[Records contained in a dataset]
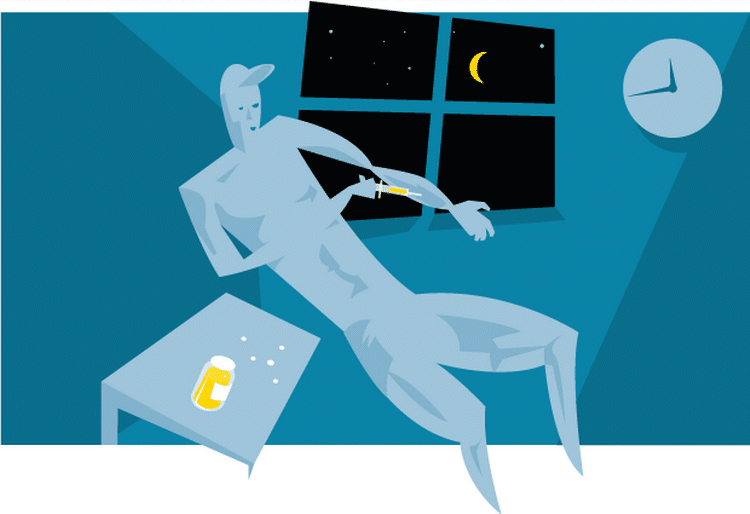 Mikrodoping. Snyd i små doser kan ikke spores efter 3-4 timer, og da atleter ikke kan testes fra kl. 23 til  næste morgen kl. 6 er der frit spil til at dope sig. Illustration: Jens Mørch. 
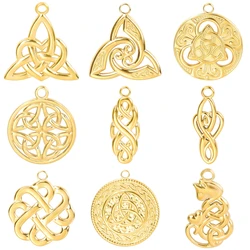 10pcs/lot Vintage Stainless Steel Celtic Knot Trinity Pendants Triquetra Charms Irish Infinity Knot DIY Jewelry Marking Findings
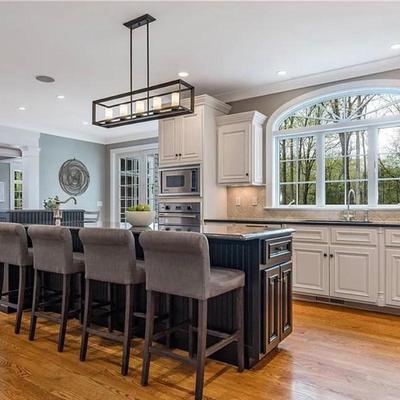 Four gray fabric stools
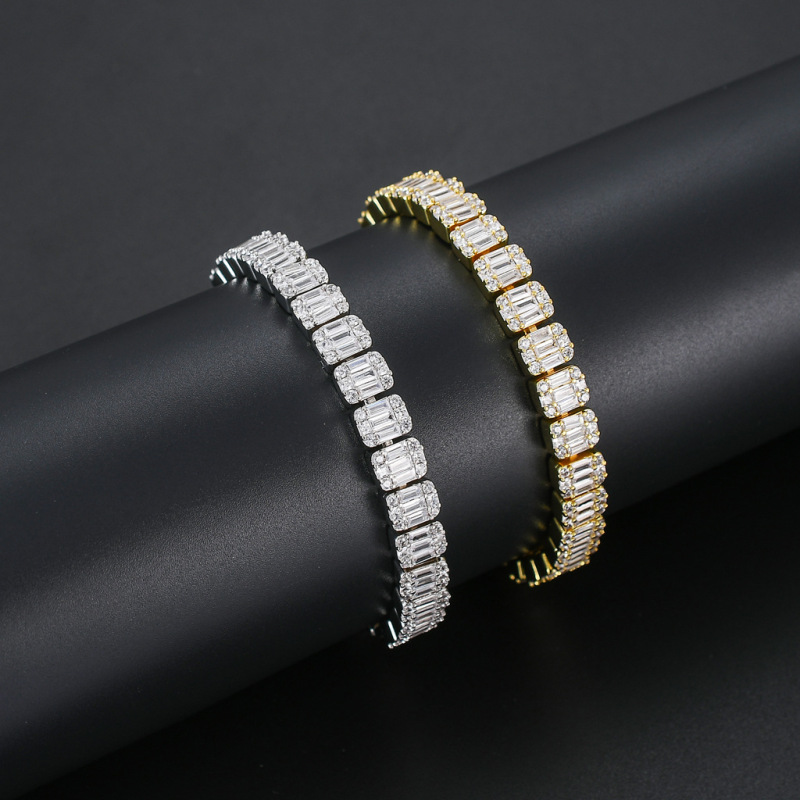 9mm Baguette Diamond Cuban Bracelet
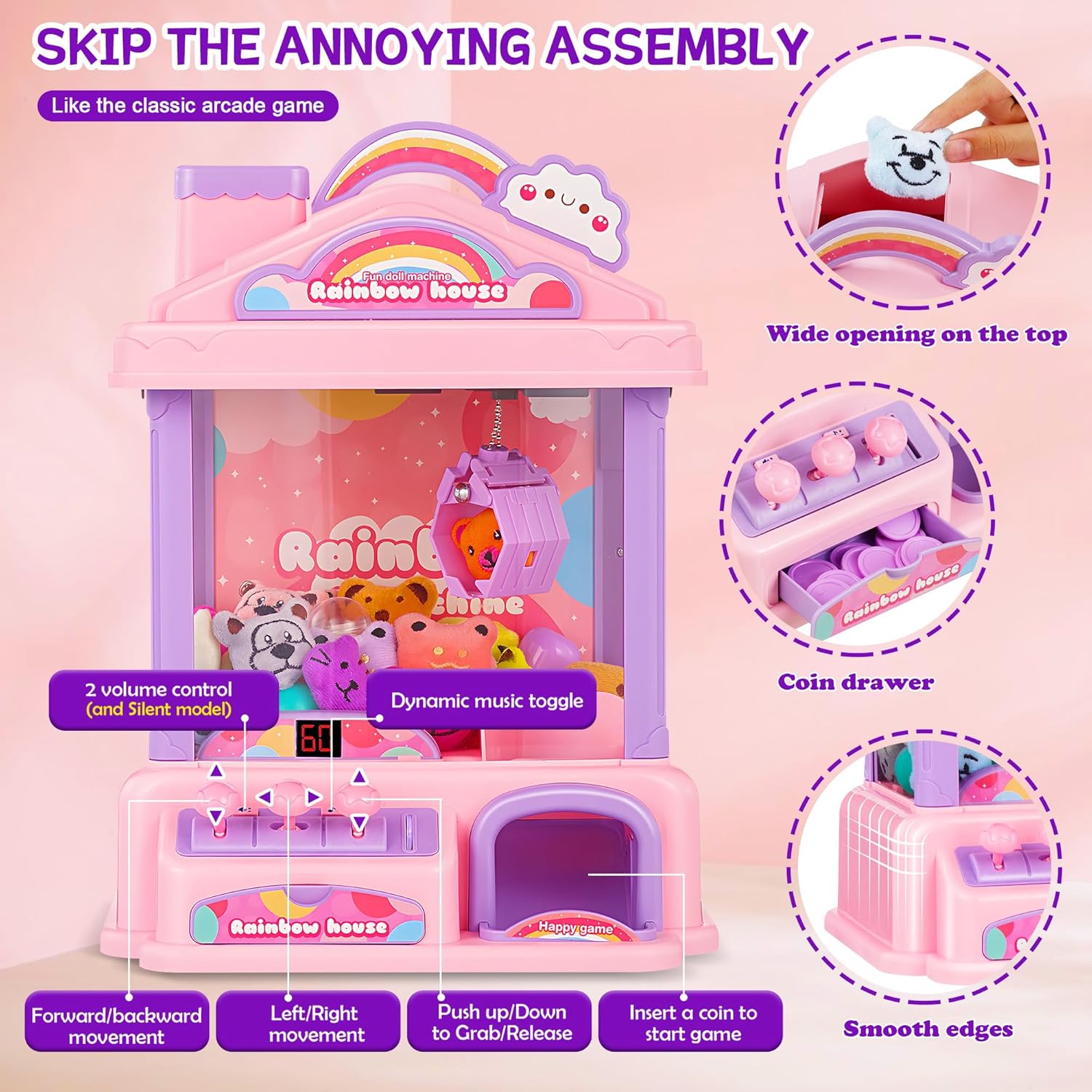 Skiennix Mini Claw Machine - Electric Arcade Game Toy with LED Lights & Adjustable Sound | Pink, Ages 4+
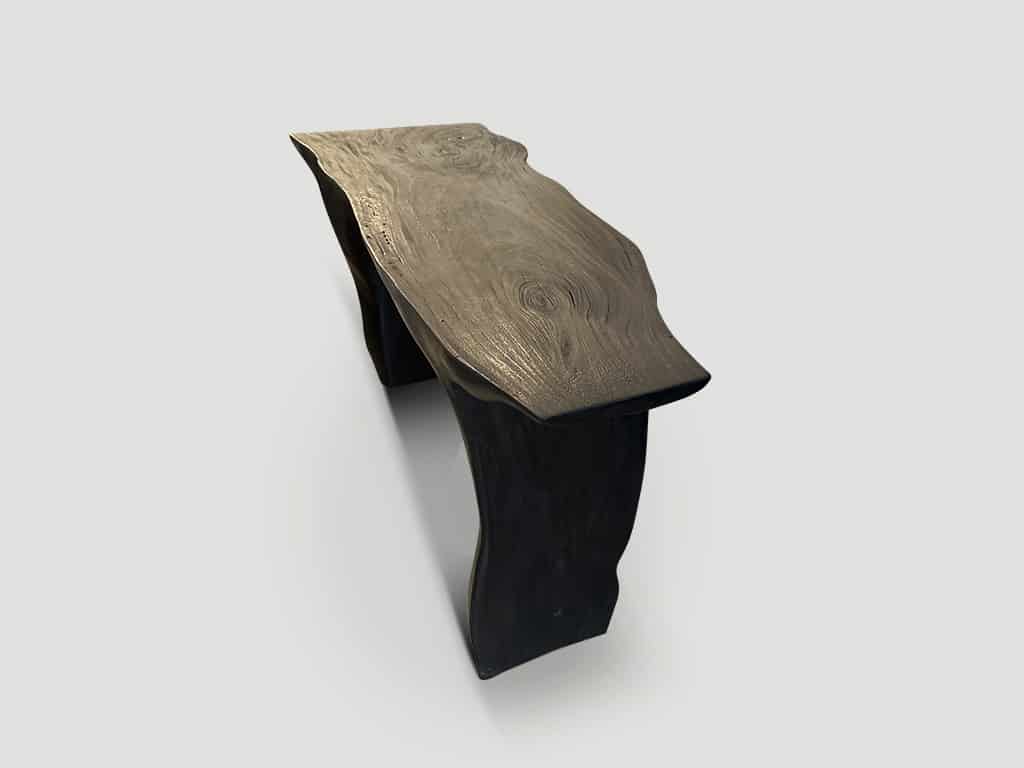 SCULPTURAL CHARRED CONSOLE TABLE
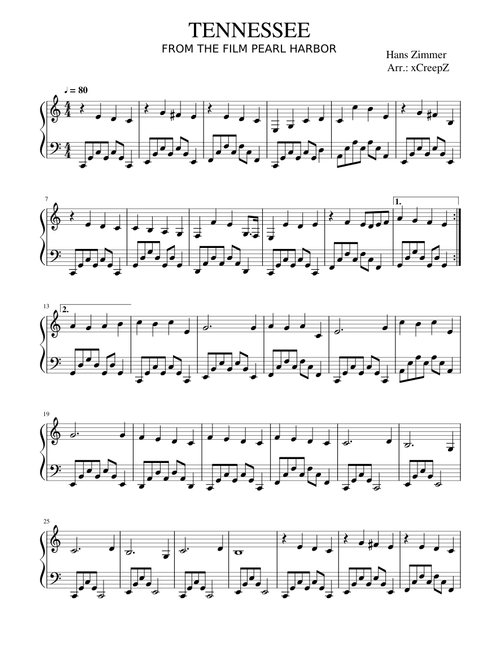 Tennessee - Hans Zimmer | Piano Solo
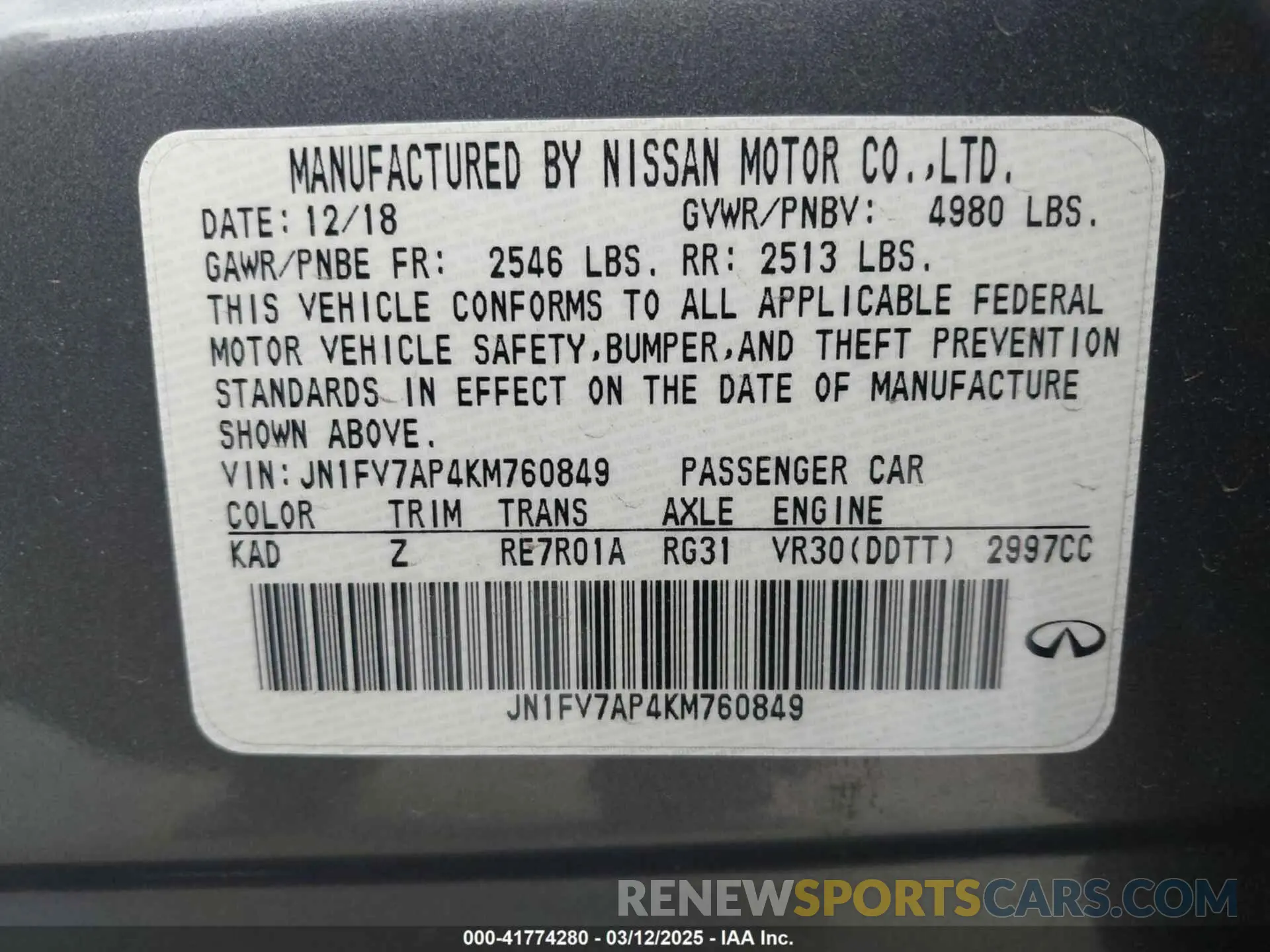 9 Photograph of a damaged car JN1FV7AP4KM760849 INFINITI Q50 2019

YOUR TASK — Needed here is a verbatim copy of the data from the first line through the line with "Tennessee - Hans Zimmer | Piano Solo", without pictures.

RESULT —
 Mikrodoping. Snyd i små doser kan ikke spores efter 3-4 timer, og da atleter ikke kan testes fra kl. 23 til  næste morgen kl. 6 er der frit spil til at dope sig. Illustration: Jens Mørch. 
 10pcs/lot Vintage Stainless Steel Celtic Knot Trinity Pendants Triquetra Charms Irish Infinity Knot DIY Jewelry Marking Findings
 Four gray fabric stools
 9mm Baguette Diamond Cuban Bracelet
 Skiennix Mini Claw Machine - Electric Arcade Game Toy with LED Lights & Adjustable Sound | Pink, Ages 4+
 SCULPTURAL CHARRED CONSOLE TABLE
 Tennessee - Hans Zimmer | Piano Solo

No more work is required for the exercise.